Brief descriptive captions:
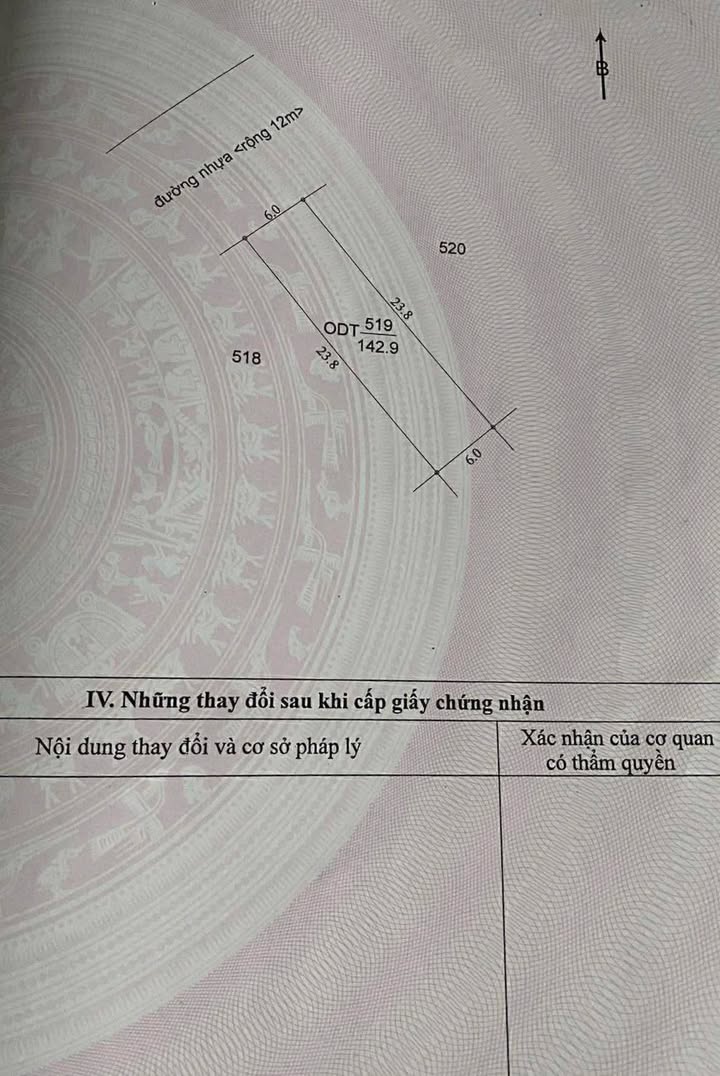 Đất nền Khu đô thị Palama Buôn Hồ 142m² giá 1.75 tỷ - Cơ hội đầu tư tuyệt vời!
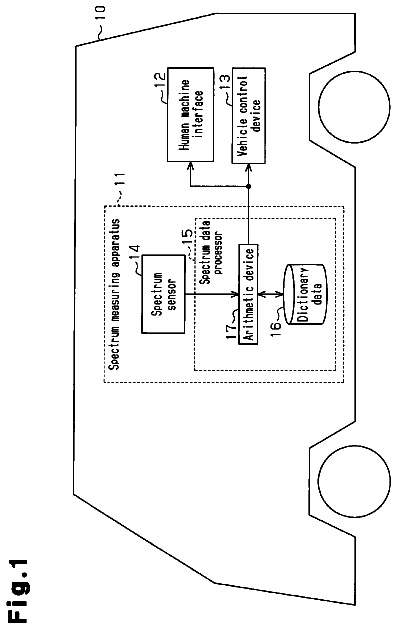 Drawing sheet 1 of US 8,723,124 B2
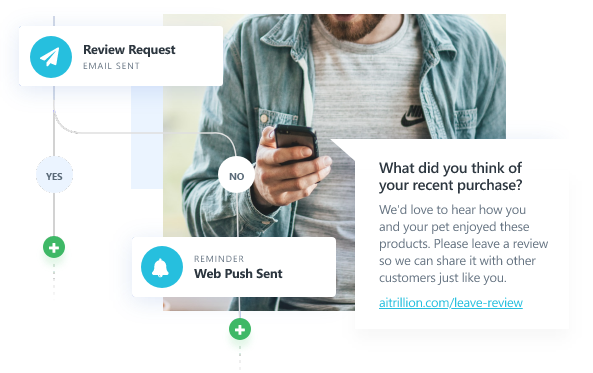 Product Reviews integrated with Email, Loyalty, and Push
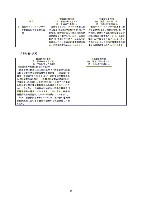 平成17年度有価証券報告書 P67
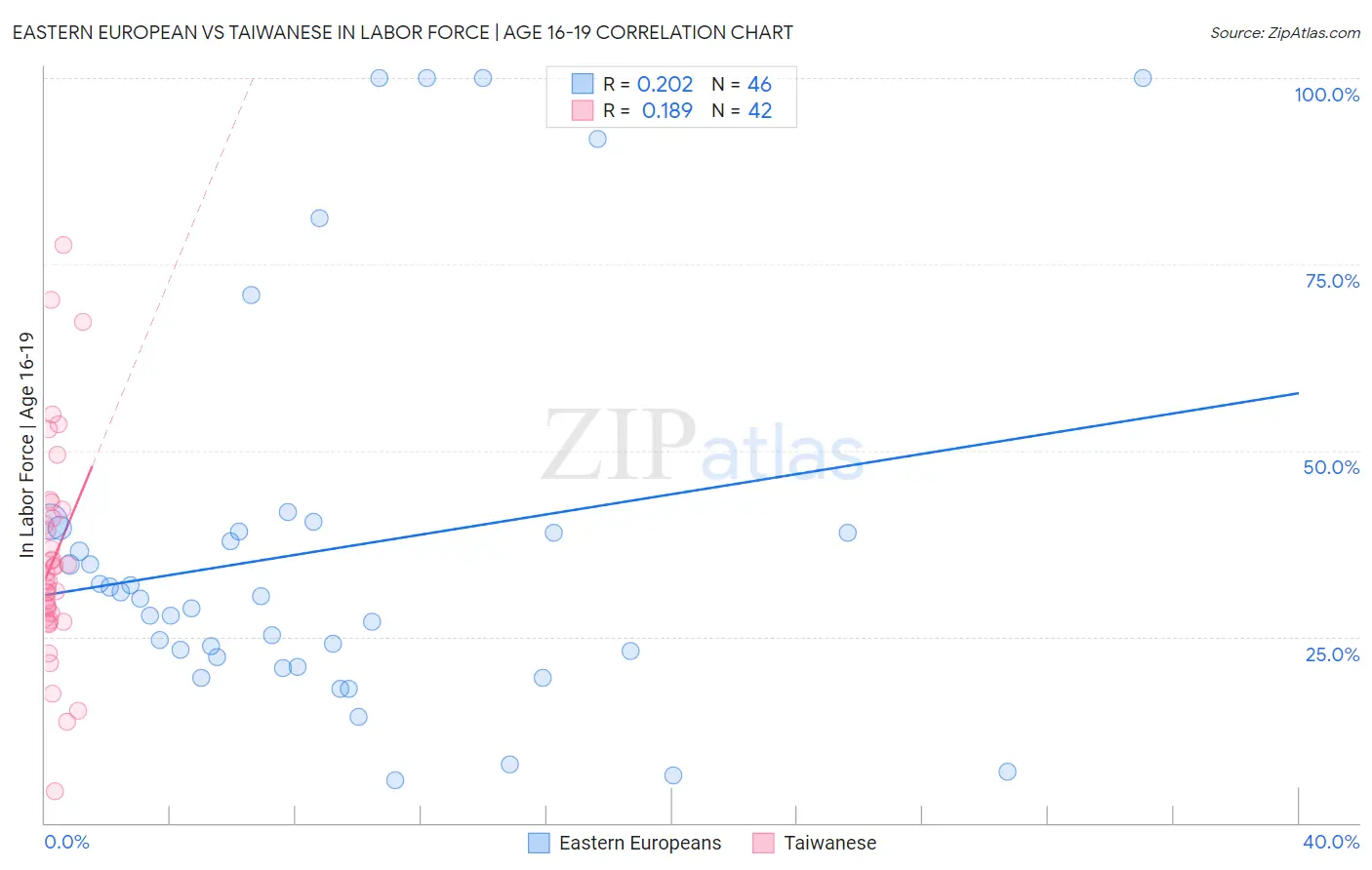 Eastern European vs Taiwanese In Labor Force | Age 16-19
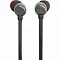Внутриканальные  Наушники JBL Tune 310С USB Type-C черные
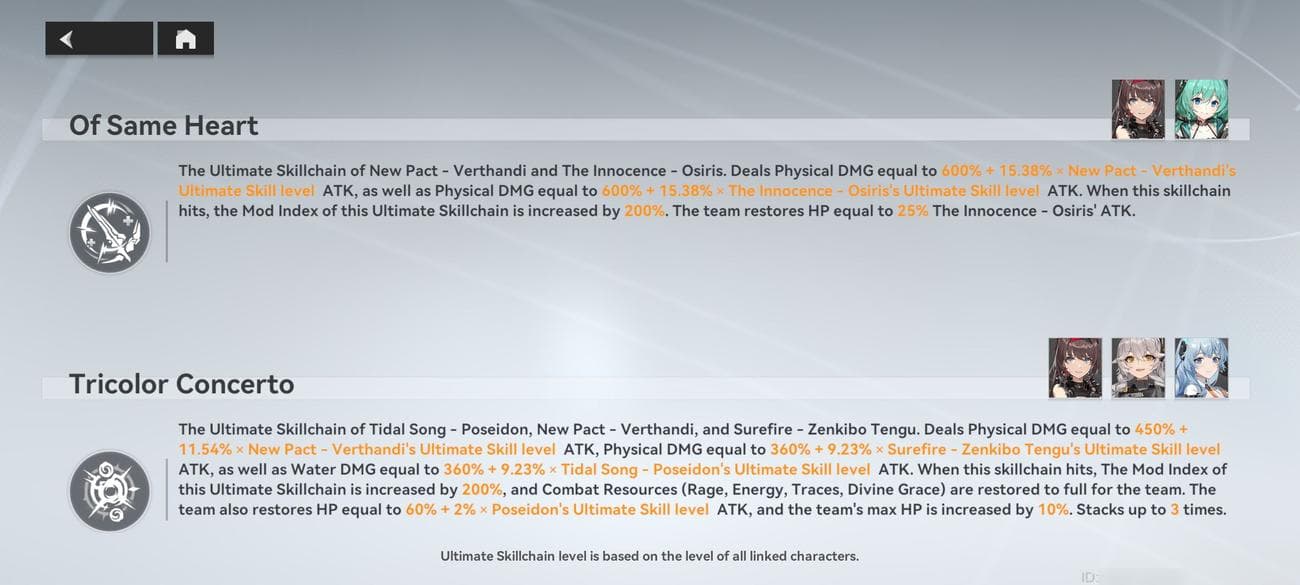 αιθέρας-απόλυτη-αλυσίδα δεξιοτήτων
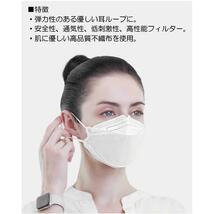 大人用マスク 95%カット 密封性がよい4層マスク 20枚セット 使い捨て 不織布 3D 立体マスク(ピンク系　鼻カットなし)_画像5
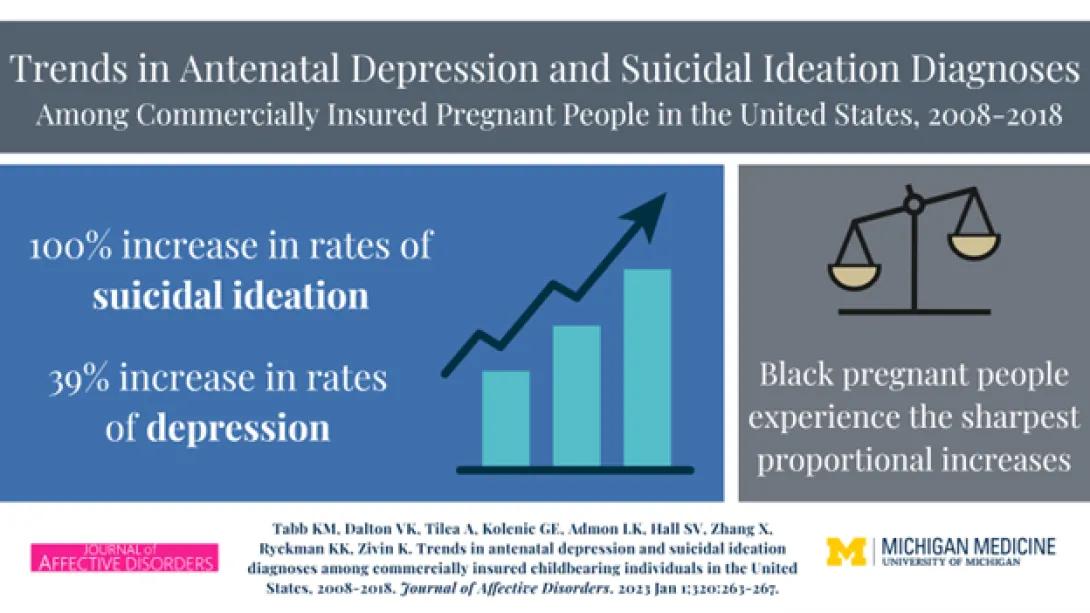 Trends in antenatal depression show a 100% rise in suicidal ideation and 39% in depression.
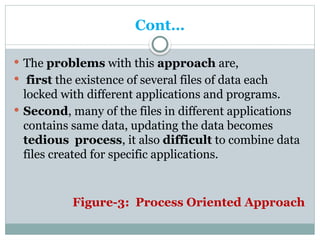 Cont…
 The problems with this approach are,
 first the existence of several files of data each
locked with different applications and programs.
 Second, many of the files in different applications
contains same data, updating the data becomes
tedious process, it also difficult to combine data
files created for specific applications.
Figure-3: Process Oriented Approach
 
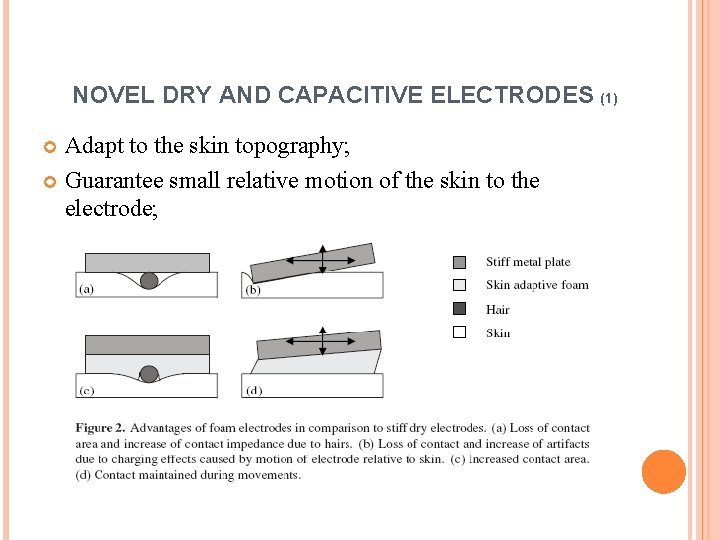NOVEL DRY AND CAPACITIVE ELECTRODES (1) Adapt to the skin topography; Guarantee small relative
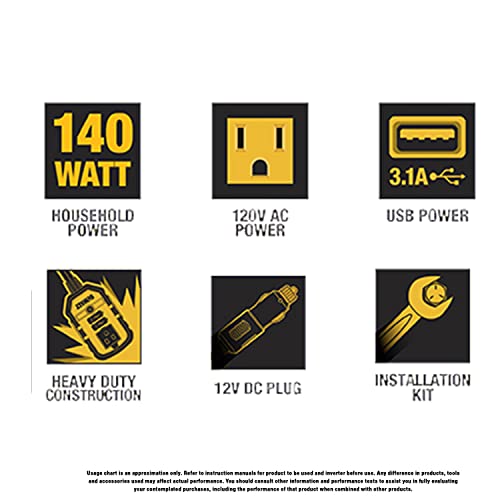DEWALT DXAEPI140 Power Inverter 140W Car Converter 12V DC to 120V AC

#### Assignment:
Please transcribe every entry exactly as written, leaving the pictures out.

#### Solution for this task:
 Đất nền Khu đô thị Palama Buôn Hồ 142m² giá 1.75 tỷ - Cơ hội đầu tư tuyệt vời!
 Drawing sheet 1 of US 8,723,124 B2
 Product Reviews integrated with Email, Loyalty, and Push
 平成17年度有価証券報告書 P67
 Eastern European vs Taiwanese In Labor Force | Age 16-19
Внутриканальные  Наушники JBL Tune 310С USB Type-C черные
 αιθέρας-απόλυτη-αλυσίδα δεξιοτήτων
 大人用マスク 95%カット 密封性がよい4層マスク 20枚セット 使い捨て 不織布 3D 立体マスク(ピンク系　鼻カットなし)_画像5
 Trends in antenatal depression show a 100% rise in suicidal ideation and 39% in depression.
 Cont…
 The problems with this approach are,
 first the existence of several files of data each
locked with different applications and programs.
 Second, many of the files in different applications
contains same data, updating the data becomes
tedious process, it also difficult to combine data
files created for specific applications.
Figure-3: Process Oriented Approach
 
NOVEL DRY AND CAPACITIVE ELECTRODES (1) Adapt to the skin topography; Guarantee small relative
DEWALT DXAEPI140 Power Inverter 140W Car Converter 12V DC to 120V AC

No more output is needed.